Henri Bergson - crédits : Hulton Archive/ Getty Images

Henri Bergson

Philosophe français, né et mort à Paris. Professeur au Collège de France (1900), membre de l'Académie des sciences morales et politiques (1901), de l'Académie française (1914) ainsi que de nombreuses académies étrangères, lauréat du prix Nobel de littérature (1927), Bergson fut connu et admiré dans le monde entier. Son œuvre se compose essentiellement de quatre grands ouvrages : Essai sur les données immédiates de la conscience (1889) ; Matière et mémoire (1896), L'Évolution créatrice (1907), Les Deux Sources de la morale et de la religion (1932), auxquels s'ajoutent deux importants recueils d'articles, L'Énergie spirituelle (1919), et La Pensée et le mouvant (1934). Le Rire (1900), et Durée et simultanéité (1922) sont deux livres de portée plus limitée.

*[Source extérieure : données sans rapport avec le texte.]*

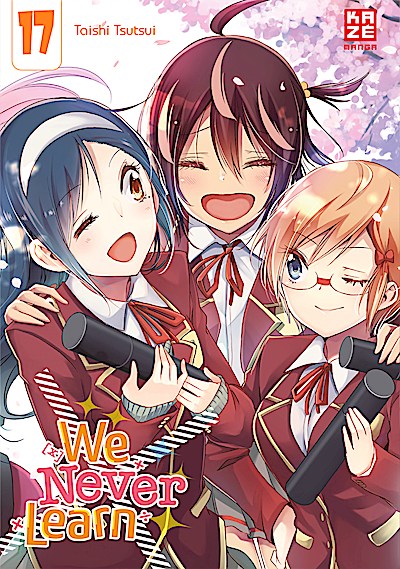 We Never Learn – Band 17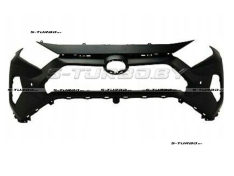 Бампер передний, с отв. под парктроники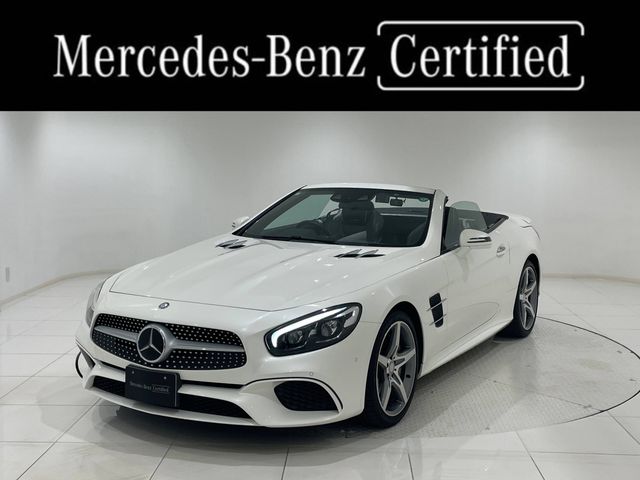 MERCEDES BENZ / MERCEDES BENZ SL class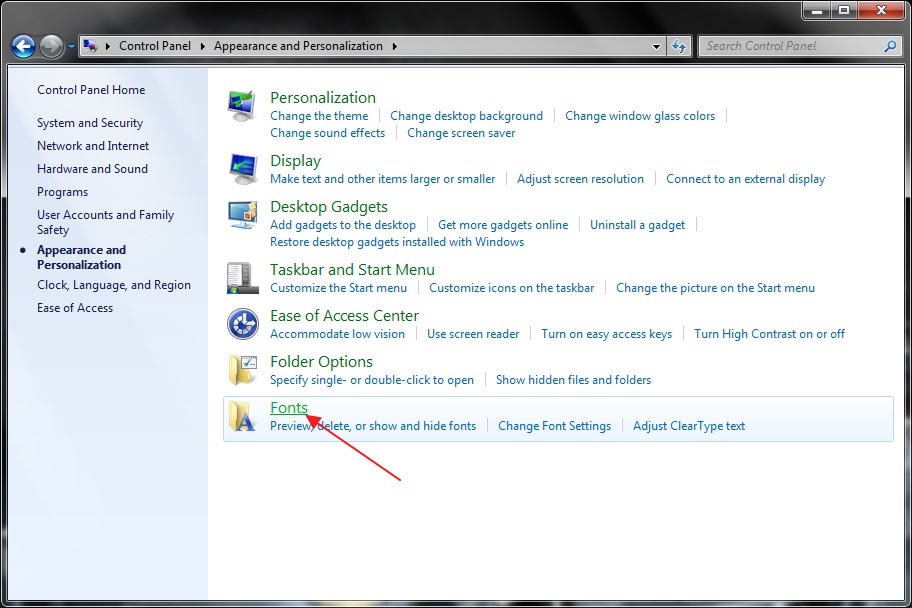 install font without windows font viewer install font without windows font viewer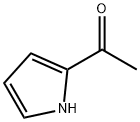 2-Acetyl pyrrole Struktur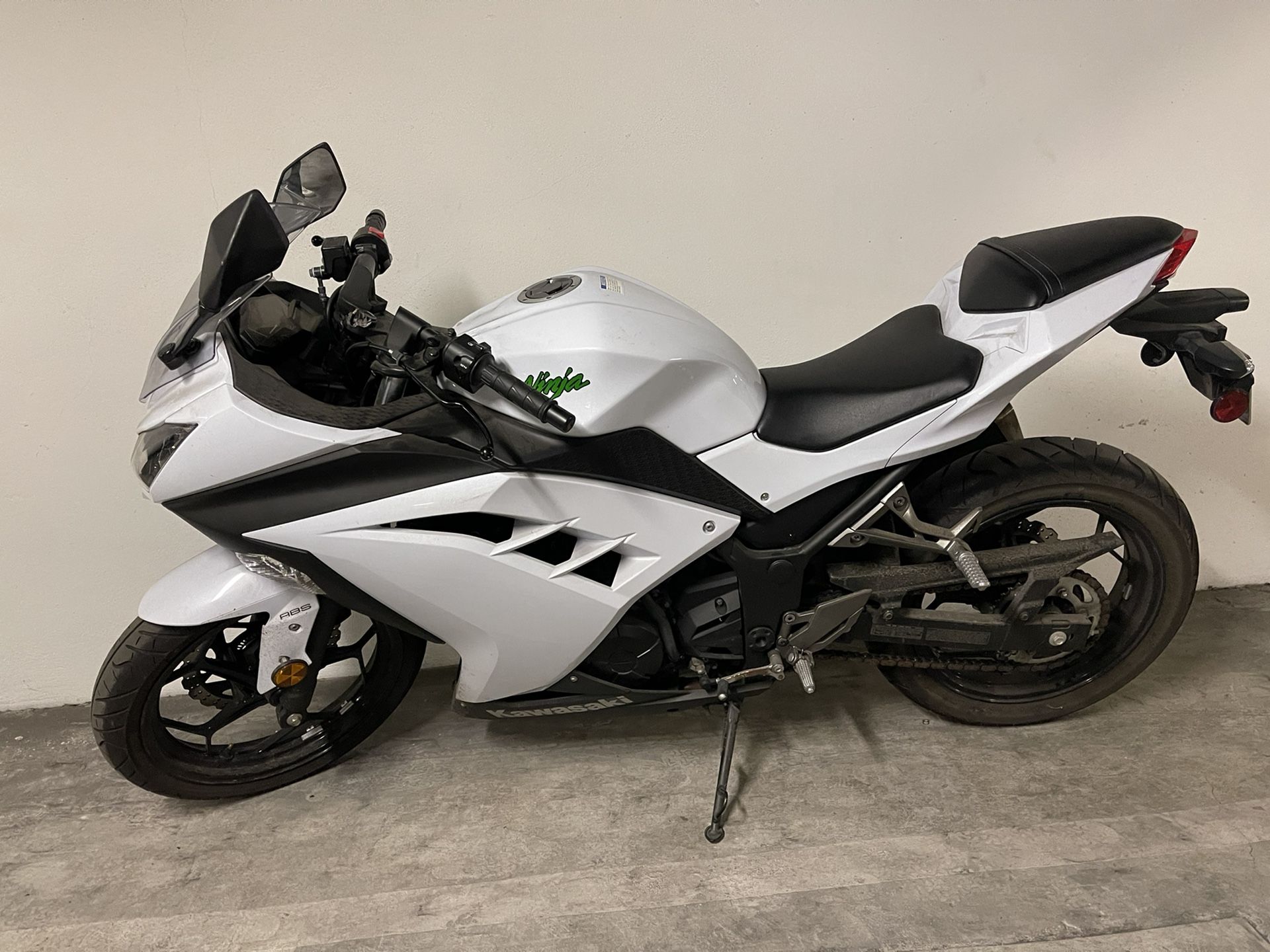 2015 Kawasaki Ninja 300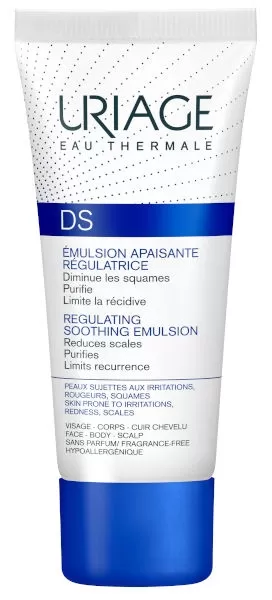 Arany Sas Gyógyszertár - Uriage d.s. emulzió seborrheás bőrre 40ml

Le bergsonisme est une philosophie en tous points atypique. Déjà sa relation au contexte et à la tradition philosophiques témoigne de son extrême originalité. Il s'oppose au kantisme dont l'esprit dominait alors l'Université française et, d'une manière générale, se détourne de la philosophie allemande. Il entretient un rapport également polémique avec les philosophies antique et moderne dont il refuse les concepts et dénonce les artifices. S'il présente quelques affinités avec la pensée anglo-saxonne (Berkeley, Spencer, James) et le courant de philosophie français qui va de Maine de Biran à Ravaisson, elles ne sont pas décisives. Ou bien Bergson s'avoue déçu par certaines de ces doctrines, ou bien, s'il reconnaît en avoir reçu des suggestions, comme c'est le cas pour la pensée de Maine de Biran et, surtout, de Ravaisson, elles n'ont fait qu'orienter ses recherches sans lui en fournir les résultats ni même la méthode. Ainsi les apparents rapprochements avec Plotin, Berkeley ou Maine de Biran recouvrent de réelles et fondamentales divergences. En vérité, le bergsonisme a tenté la gageure d'édifier une philosophie complètement en marge de la pensée philosophique antérieure ou contemporaine. Il en rejette tout à la fois la problématique, les thèses, les notions et le langage, prenant ainsi ses distances à l'égard de l'intelligence philosophique elle-même et de ses instruments, et non pas seulement de ses productions. Cette œuvre qui se propose de penser l'inconcevable et d'exprimer l'inexprimable est une doctrine inclassable et souvent inouïe, qu'il s'agisse de son idée de la philosophie, de sa méthode ou de ses thèses.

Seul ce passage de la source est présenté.